Class Afloat, owners of the tall ship Concordia that sank after failing to recover from a freak wind gust, say the 18-year-old Polish-built vessel was designed and tested to survive just that sort of knockdown.

Concordia's survivors say a powerful blast of wind knocked the 60-metre vessel so far over on its side that its masts and sails were lying on the surface of the South Atlantic Ocean. The ship failed to right itself, capsizing and sinking within 20 minutes last month 550 kilometres off the coast of Brazil.

In the most complete response yet to suggestions that a properly designed and handled ship should have survived such a knockdown, Terry Davies, the founder and chairman of Class Afloat, said the ship had undergone stability testing and was more than capable of recovering from a 90-degree knockdown.

"Concordia has righting characteristics that would bring her back from 110 degrees," Mr. Davies said in an e-mailed response yesterday to questions about the testing and inspection of the sail-training ship, which sank so fast its crew members were unable to send a distress call.

On its website, Class Afloat claims Concordia "meets the highest standards for sailing-school vessels." It states that Concordia had "been successfully inspected by the U.S. and Canadian Coast Guard and hundreds of other port and state-controlled authorities." Such inspections do not necessarily pertain to a ship's stability, however. In many cases, inspectors are checking for such things as whether a ship is carrying the necessary documents and has sufficient life jackets.

In his e-mail, Mr. Davies made clear that because the Concordia was not registered in the United States, it was not necessary for it to meet U.S. Coast Guard standards. "Compliance with USCG standards for SSV's [sailing-school vessels]was not a compliance standard for the Concordia," he wrote. "She has never been flagged in the United States nor subject to USCG SSV compliance."

Despite Class Afloat's apparent "Canadian-ness" - including emblazoning the ship's sails with large Maple Leafs - Concordia was registered, or "flagged," in Barbados. Registering in states like Barbados, known for their relaxed crew requirements, allows ship owners to hire internationally from the relatively small pool of sailors capable of handling large sailing vessels in the open ocean, Mr. Davies said. Canadian-flagged vessels must have Canadian crews.

Only a handful of nations - notably the United States, Britain and Australia - have stringent safety regulations pertaining specifically to ocean-going sailing-school vessels. "I would have expected a U.S. Coast Guard-certificated sailing-school vessel to have righted itself," said Roger Long, an internationally recognized expert on the stability of large sailing vessels.

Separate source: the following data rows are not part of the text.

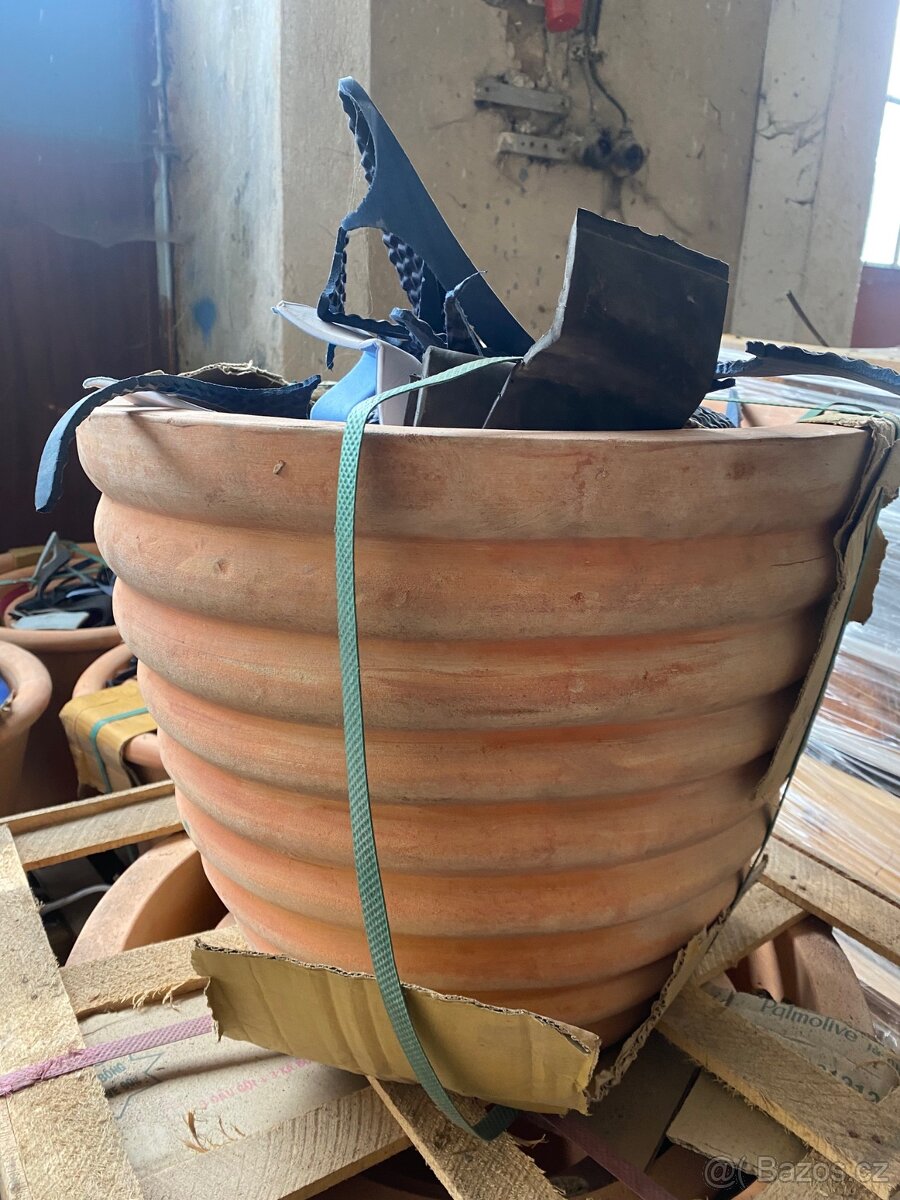 Sady květináčů - 4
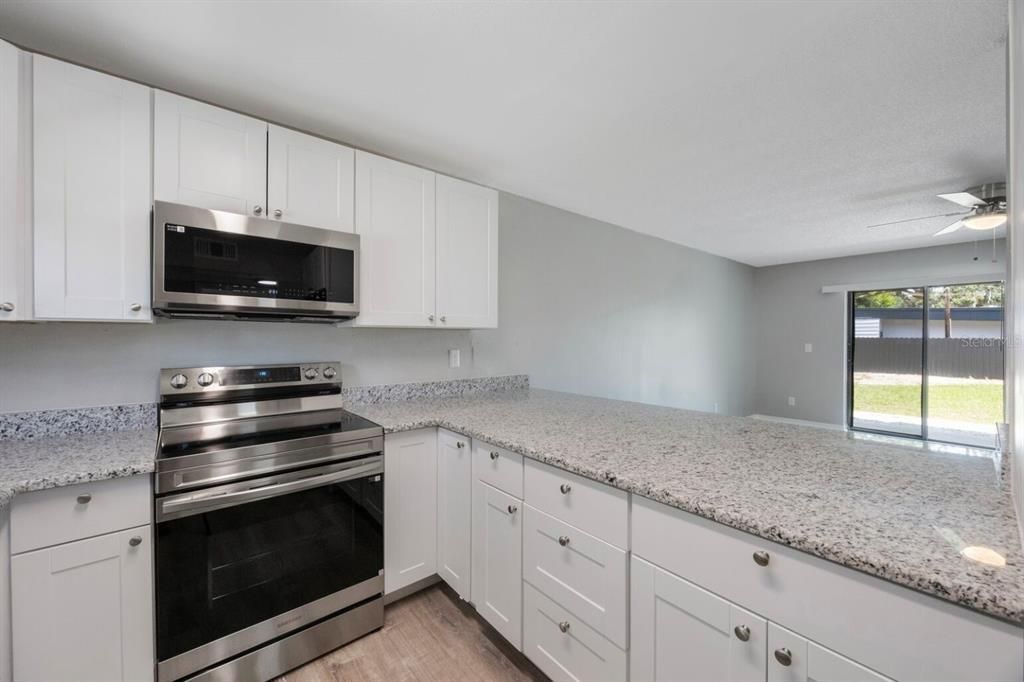 For Rent: $1,850 (2 beds, 2 baths, 878 Square Feet)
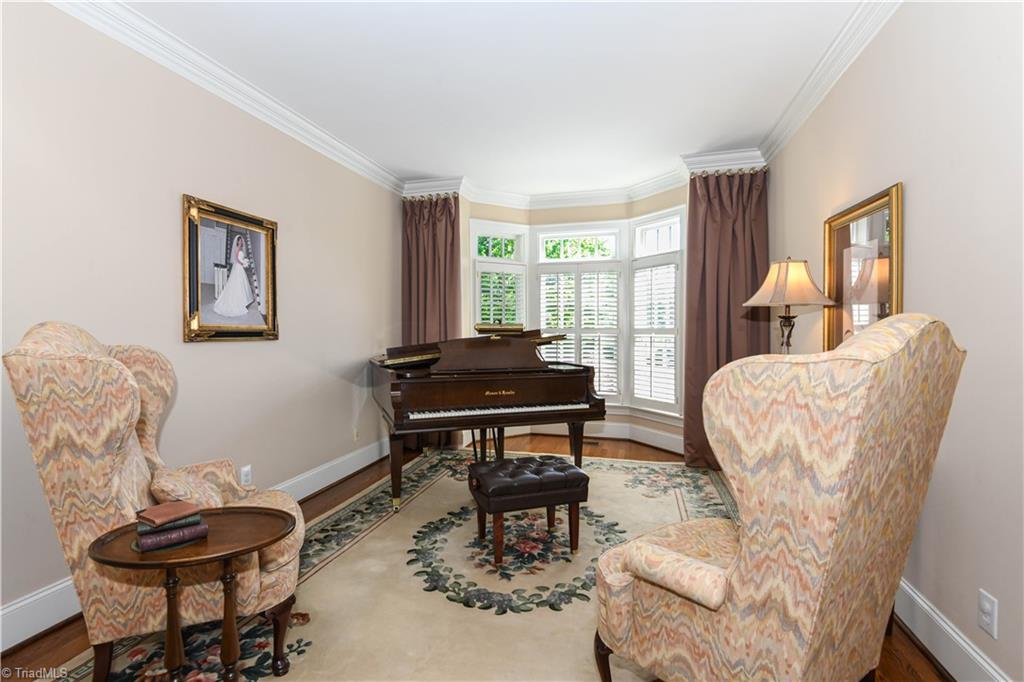 12 Hadley Park Court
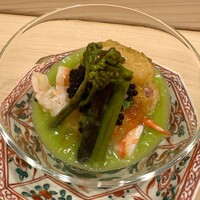 はらまさ - グリーンアスパラガス　スリ流し　ホタテ　車海老　蕨　酢橘のジュレ　キャビア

Mr. Long has called for Class Afloat to make public the stability testing data for Concordia, "not primarily to establish fault or blame," but in the interest of averting potential future sinkings. If it turns out that the Concordia met U.S. or British stability standards, he said, it would not be "just another vessel that fell through the hole in the safety net, but a vital data point in furthering our understanding of large-sailing-vessel safety."

Mr. Davies said the Concordia had undergone stability testing - usually done by loading a heavy weight on one side of a vessel, calculating how much the ship tips or heels and extrapolating its "righting" ability. He provided no details as to the testing, except to say that it was done when the ship was built.

All 64 crew and students onboard the Concordia were saved after spending two nights in life rafts.